The Firefox situation is particularly sad. Mozilla has forced Firefox users to forgo security updates in order for these same users to retain a quasi-usable UI. I'm sure a lot of them would like to upgrade to get the security fixes. But it's hard to justify upgrading to avoid obscure security issues that will likely never be triggered, if it also means being constantly subjected to an unusable, broken UI from then on.
static html wth blink tags was good enough for my grandfather so its good enough for me.
Hi! You must be new here. The most points that were most likely spent on him is 1. You see, it's only AC's like us that read as 0 out the gate. For registered users they normally start out at 1... unless they have an "Excellent" karma rating, which means they've made a significant number of posts that have been modded up, then a registered user will start out of the gate at a 2 before any mods are made. Looking at Mr. Nyder's posting profile, this is not outside of the realm of possibility. So It's very possible that no one wasted any points of Karma...thus, you're the only frickin retard in the bloody room ya frickin Limey!
You must be new here.
I love my sig.
Not to feed the trolls more but... did you know that if you are logged in you can click the comment score and SEE all the moderation on the comment?
At the current time, the post in question started at 2 and has +1 Funny for a total of 3.
If you are logged in, you can also change the weight of users to remove the karma bonus.

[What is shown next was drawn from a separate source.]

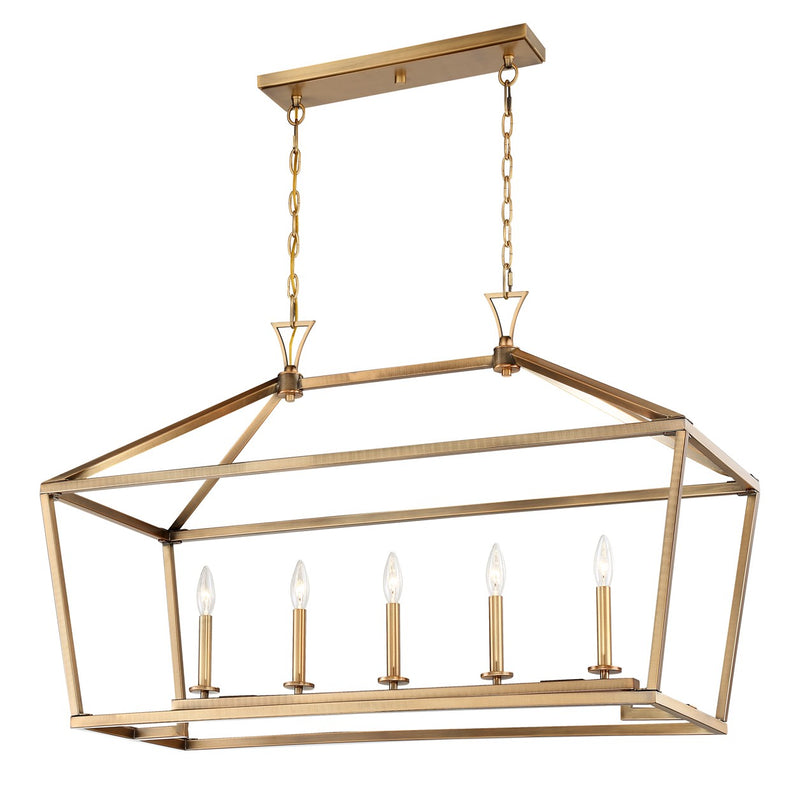 Five Light Linear Chandelier<br /><span style="color:#4AB0CE;">Entrega: 4-10 dias en USA</span><br /><span style="color:#4AB0CE;font-size:60%;">PREGUNTE POR ENTREGA EN PANAMA</span><br />Collection: Townsend<br />Finish: Warm Brass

Adam Langley of Google found the POODLE-with-TLS issue and started informing people:
https://www.imperialviolet.org/2014/12/08/poodleagain.html
Basically:
The POODLE attack leverage some weaknesses in how SSL 3 did padding of its packets. There was no easy way to fix the protocol, so the recommended way to deal with it was to disable SSL 3. However it turns that the padding function in TLS is a sub-set of SSL 3, so a lot of software simply re-uses it for both protocols. This allows the POODLE attack to be done against padding in TLS as well.

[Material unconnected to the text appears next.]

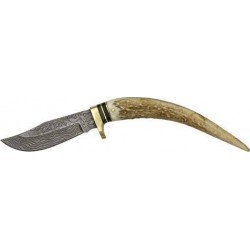 Damascus Stag Spike Knife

The issue is that some of this software is common load balancer software, which sits in from of many things.
Anyone who doesn't irrationally hate Apple have any tips, suggestions for fixing this? I'm still using OS X 10.7 so maybe my best bet is to upgrade the OS, but would like to avoid doing so to keep some older programs running.
http://www.acetonestudio.com
It is very important to understand that this is a flaw in some vendors' TLS implementation, NOT in the tls protocol itself.